Petróleo recua para US$ 69,41 o barril em NY

Commodity fechou em queda em dez de suas últimas 11 sessões em Nova York. Esta é a pior sequência desde outubro de 2003

Ricardo Gozzi, da, Agência Estado

18 de maio de 2010 | 17h57

O contrato futuro de petróleo para entrega em junho fechou o dia em queda, após ter apresentado uma forte recuperação no início da sessão. A commodity (matéria-prima) cedeu em meio à queda das ações em Nova York e à acentuada desvalorização do euro ante o dólar.

Na Bolsa Mercantil de Nova York (Nymex, na sigla em inglês), o contrato futuro de petróleo com vencimento em junho fechou em queda de 0,96%, a US$ 69,41 o barril. No mercado eletrônico ICE de Londres, o contrato futuro de petróleo do tipo Brent com vencimento em julho fechou em queda de 0,99%, cotado a US$ 74,43 o barril.

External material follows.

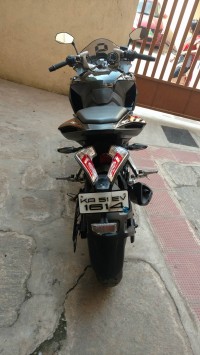 Black Bajaj Pulsar RS 200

A busca por barganhas no início da sessão levou o barril de petróleo a US$ 72,52 o barril na Nymex, mas a commodity cedeu em meio à pressão do dólar forte e às persistentes preocupações com o excesso de estoques nos Estados Unidos. Como o petróleo é cotado em dólares, o fortalecimento da divisa norte-americana costuma inibir a participação, neste mercado, de investidores que possuem outras moedas.

O contrato futuro de petróleo com vencimento em julho, que na quinta-feira substituirá o contrato de junho como o primeiro vencimento da Nymex, fechou em queda de 0,71%, a US$ 72,70 o barril. Hoje, o barril do petróleo para junho chegou a atingir a cotação mínima de US$ 68,91 em Nova York, antes de encerrar a sessão em US$ 69,41 o barril. Esta é a cotação de fechamento mais baixa desde 29 de setembro de 2009. Na plataforma ICE, o petróleo encerrou em queda pela quarta sessão consecutiva e sua cotação no encerramento é a mais baixa desde 15 de fevereiro.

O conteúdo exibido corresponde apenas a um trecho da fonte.